Historically they came about as a way of solving cubic equations. At the time there was a solution by radicals to cubic equations and sometimes a square root of a negative number would arise, but go away by the time the answer was simplified. It was quite mysterious at the time as you could 'allow' these weird items in order to get real answers.
Then I believe (and I forget who did it first) there was a movement to see complex numbers as vectors. Because, as noted above, you could add them and multiply them (and they follow the parallelogram law for force addition). It was from this point that Hamilton tried finding a 3D version of the complex numbers, after all that's what you'd want. The complex numbers just don't cut in a 3D world. However he discovered the quaternions, which are 4D and have units of 1, i, j, and k. Those eventually were hijacked by Gibbs and Heaviside to form what we think of as vector analysis today.
I'm not fully certain of the question so I'll posit another possibility by posing a question myself. What is the physical significance of the real numbers? When I teach mathematics that involves complex numbers (I dislike the term 'imaginary') I always spend a few minutes on this question.
As for 'need' that depends.

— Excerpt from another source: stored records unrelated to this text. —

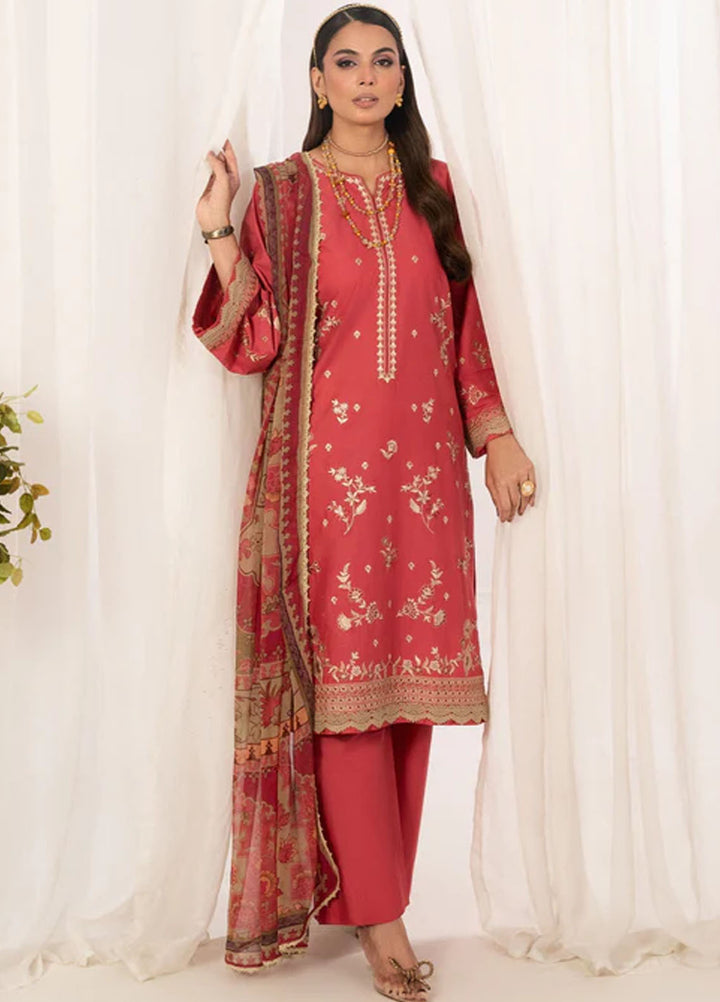 Autumn Echo by Meerak Pret Embroidered Cambric 3 Piece Suit Reem
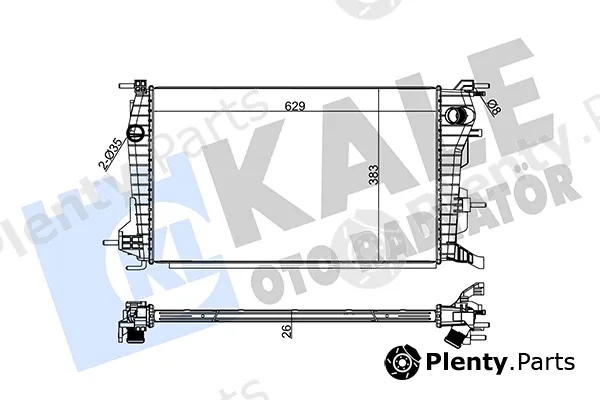 Kale Oto Radyatör 220700 — Radiator, engine cooling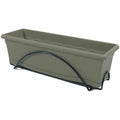 Plant pot Plastiken Terra Collection 60 x 20 cm Taupe Plastic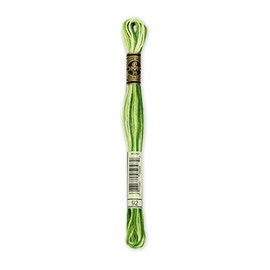 DMC 117-92 6 Strand Embroidery Cotton Floss, Variegated Avocado, 8.7-Yard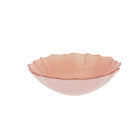 Beker roze glas 16x16x4.5 cm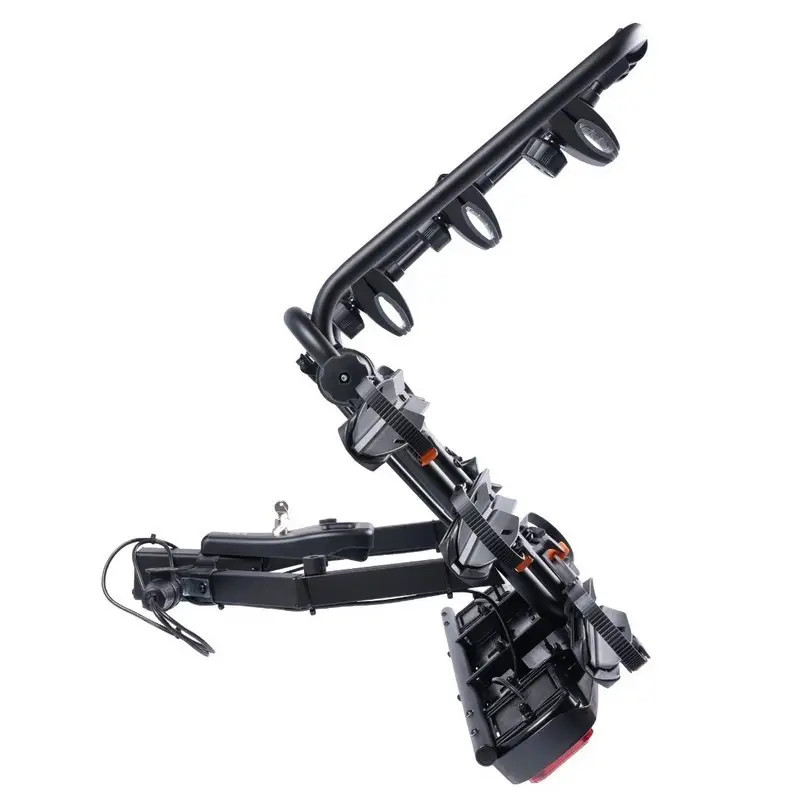 Bagażnik rowerowy na hak holowniczy Aguri Active Bike PRO czarny 4 rowery 13 PIN ⬅️ sklep DOAN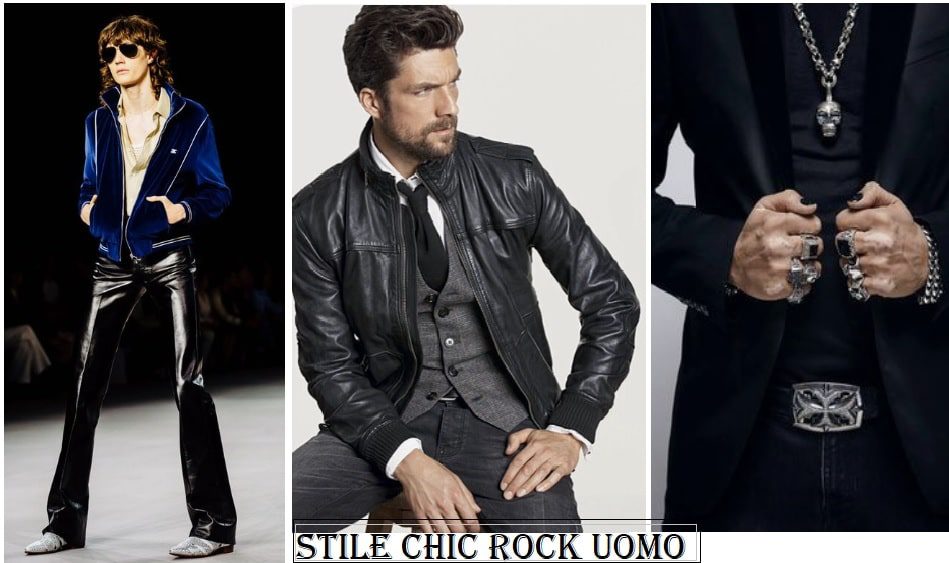 Stile chic rock uomo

For example, do we need real numbers? I'm not sure, we could probably work out all of our results on the rationals but it would be ridiculuous, supposing its even possible. The real numbers are a construction that make analysis much nicer. We can take limits (and the limit points exist) and so voila: calculus. In the same way the complex plane makes many things very nice and very convenient. Could we work without them? Maybe, but its probably not a good idea.